● Exercise brief
When writing out the entries below, keep only the lines from the line with "Navy Contrast Collar" to the line with "Cerveza Barba Roja", both included, exactly as they are, and leave the pictures aside.
*** Given information
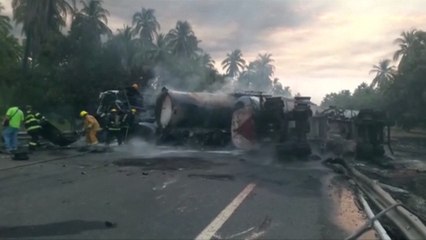 Bus crash with fuel tanker in Mexico kills at least 24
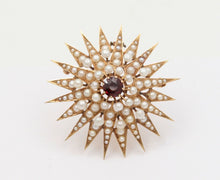 Load image into Gallery viewer, Victorian Starburst 14K Yellow Gold Garnet Seed Pearls Pendant Brooch Pin
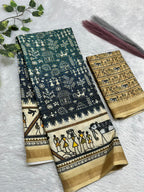 Soft Cotton Silk Saree with Warli Digital Print & Zari Weave Border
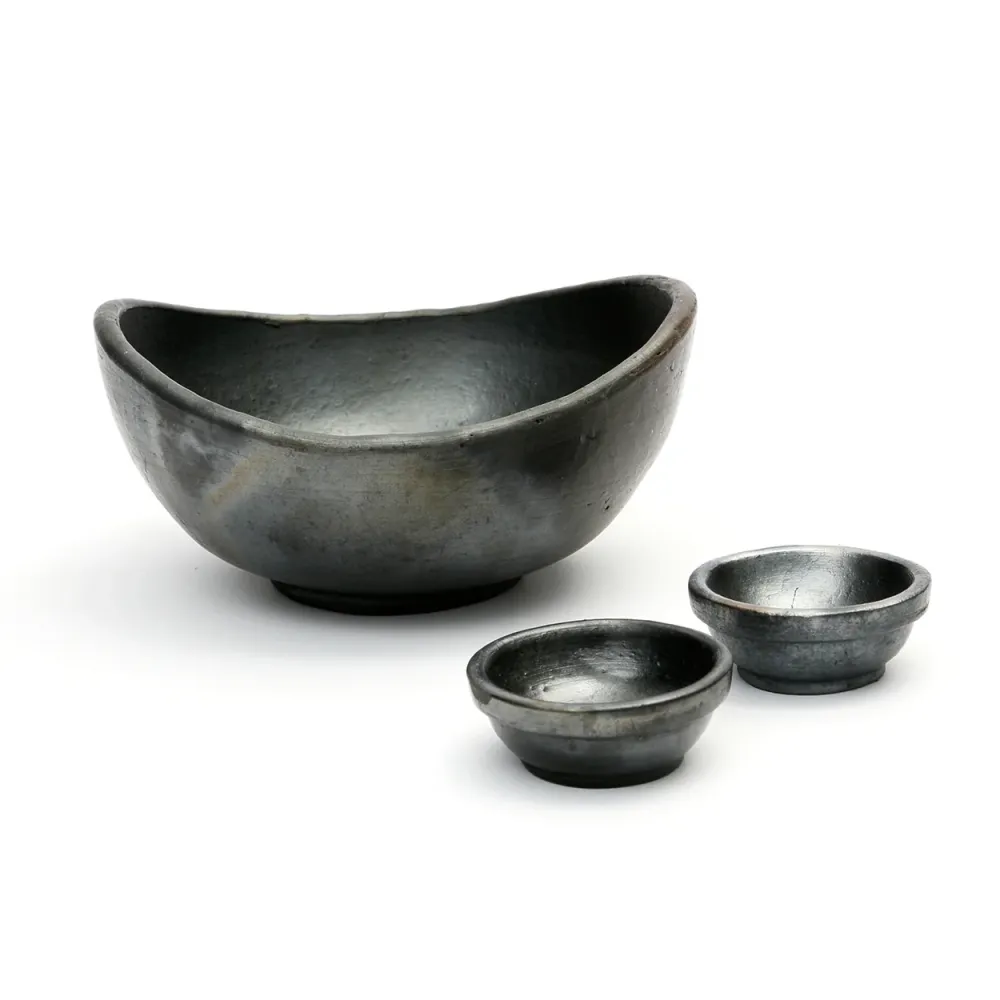 De Burned Gebogen Kom - Zwart - Set Van 3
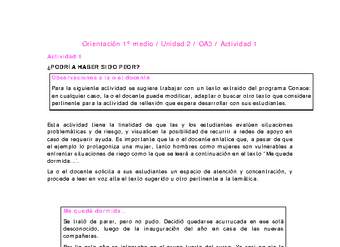 Orientación 1 medio-Unidad 2-OA3-Actividad 1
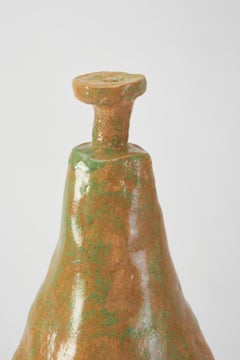 Contemporary Textured Brown with Green Glazed Ceramic Pot by Willem Van Hooff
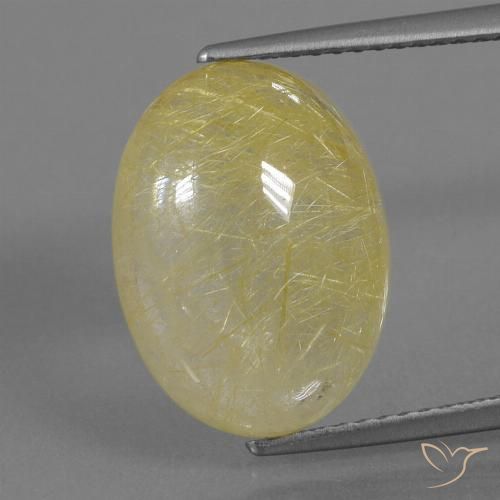 8.12ct Naturale Giallo caldo Quarzo rutilo, Ovale, Traslucido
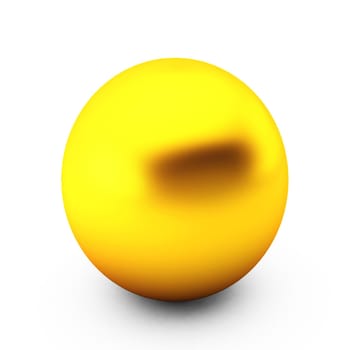 3d render of gold ball on white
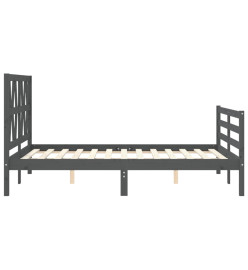Cadre de lit avec tête de lit gris 120x200 cm bois massif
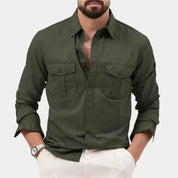 Maximilian Long Sleeve Shirt Featuring Chest Pockets Army Green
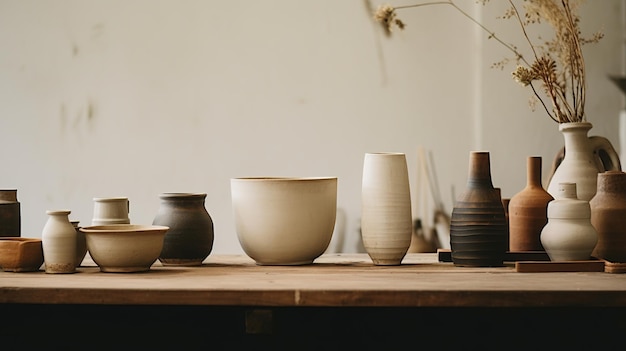 Generative AI crafted pottery still life of hand made pottery and ceramic bowls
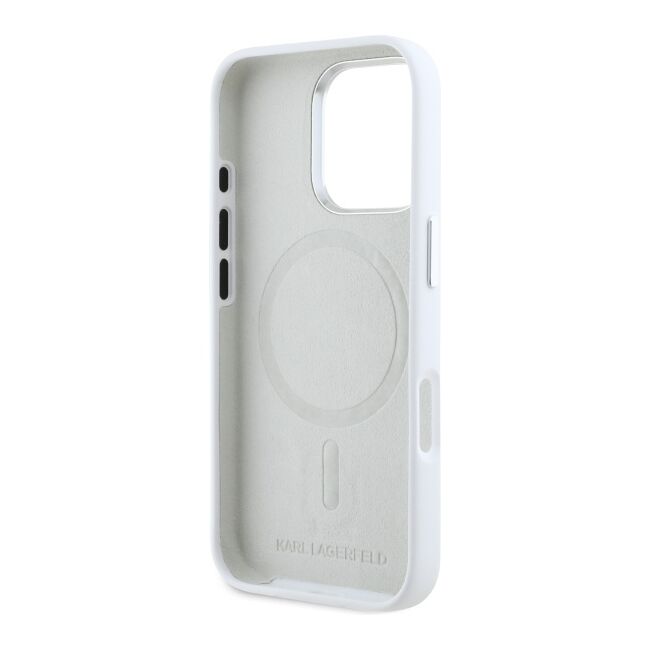 Husa pentru  iPhone 16 Pro Karl Lagerfeld - Silicone MagSafe - alb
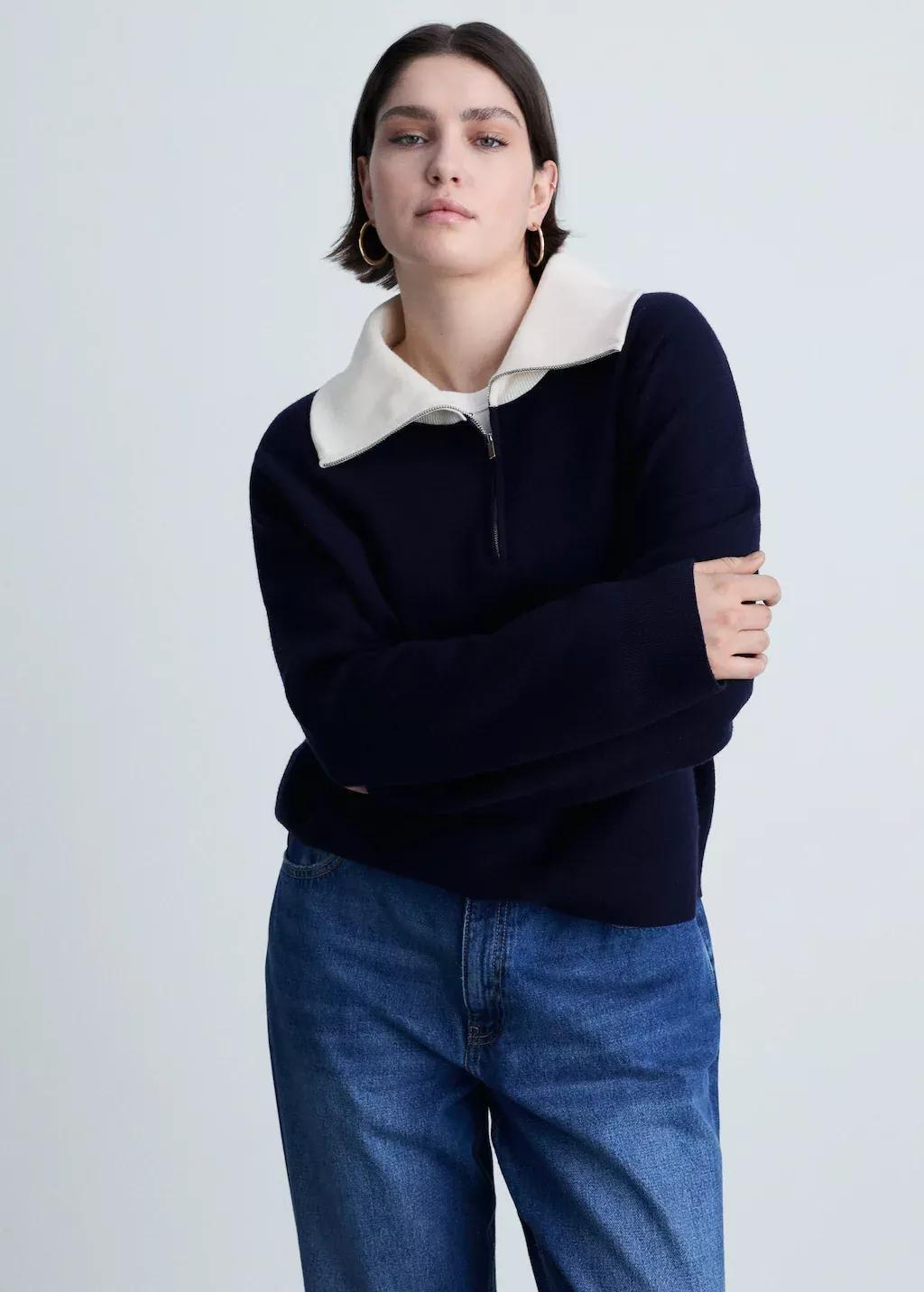 Navy Contrast Collar Knit Sweater, , large image number 8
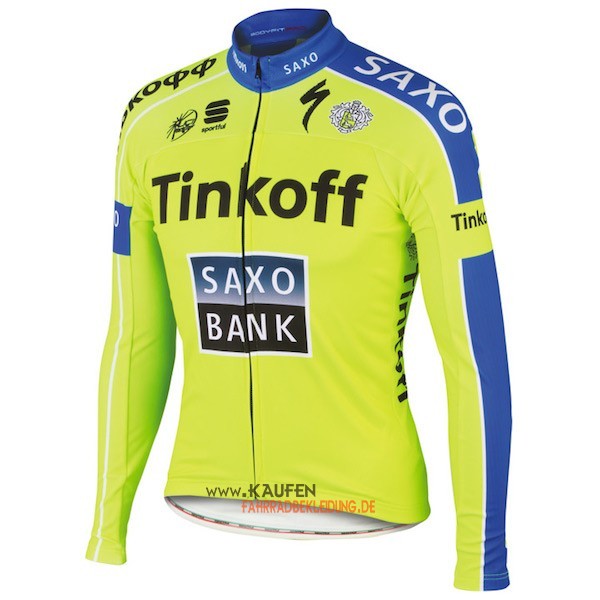 SaxoBank Langarmtrikot 2016 Und Lange Trägerhose Gelb Und Blau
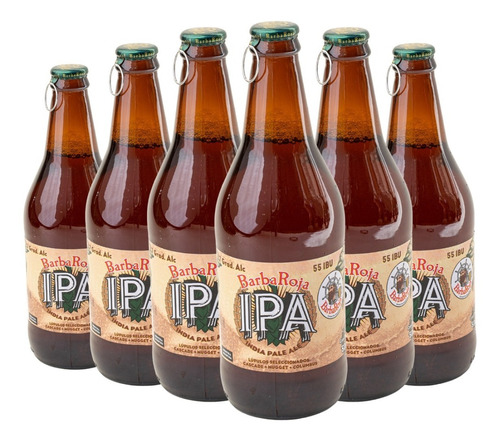 Cerveza Barba Roja Ipa Pack X 6 Botellas 500ml. Artesanal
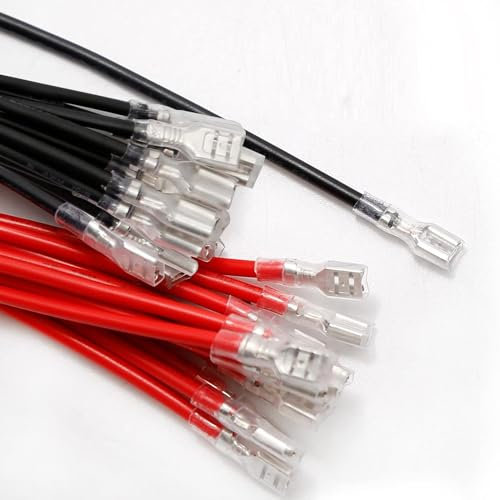 Gebildet 30Pezzi Terminali A Crimpare Forcella Femmina 4.8mm Con Manicotto Isolante E Filo 18AWG Lunghezza 15cm Kit Assortimento Di Giunzione Rapida A Forcella Femmina Rosso + Nero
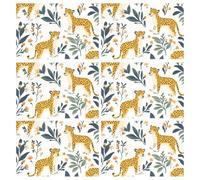 Cute Jungle Leopard White dinner oversized placemats for dining table easter charger plates fabric placemats for dining table set of 6 12x18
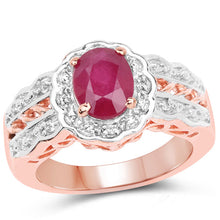 Load image into Gallery viewer, 14K Rose Gold Plated 1.67 Carat Glass Filled Ruby and White Topaz .925 Sterling Silver Ring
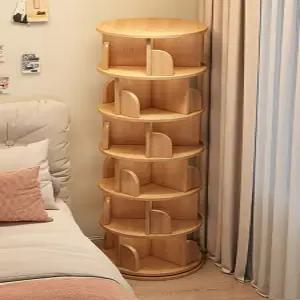 모던 틈새 원형 회전 책장 수납장 코너 선반 침실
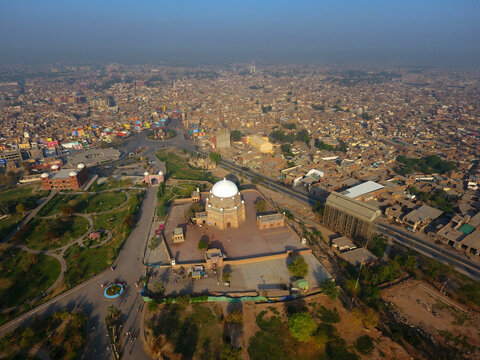 Aerial view of Tomb of Hazrat Shah Rukn-e-Alam, Multan, Pakistan.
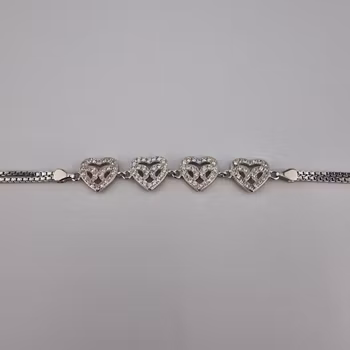 Hjärtformad armband Silver Smycken 21.0 cm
******
● Your response
 Navy Contrast Collar Knit Sweater, , large image number 8
 SaxoBank Langarmtrikot 2016 Und Lange Trägerhose Gelb Und Blau
 Cerveza Barba Roja Ipa Pack X 6 Botellas 500ml. Artesanal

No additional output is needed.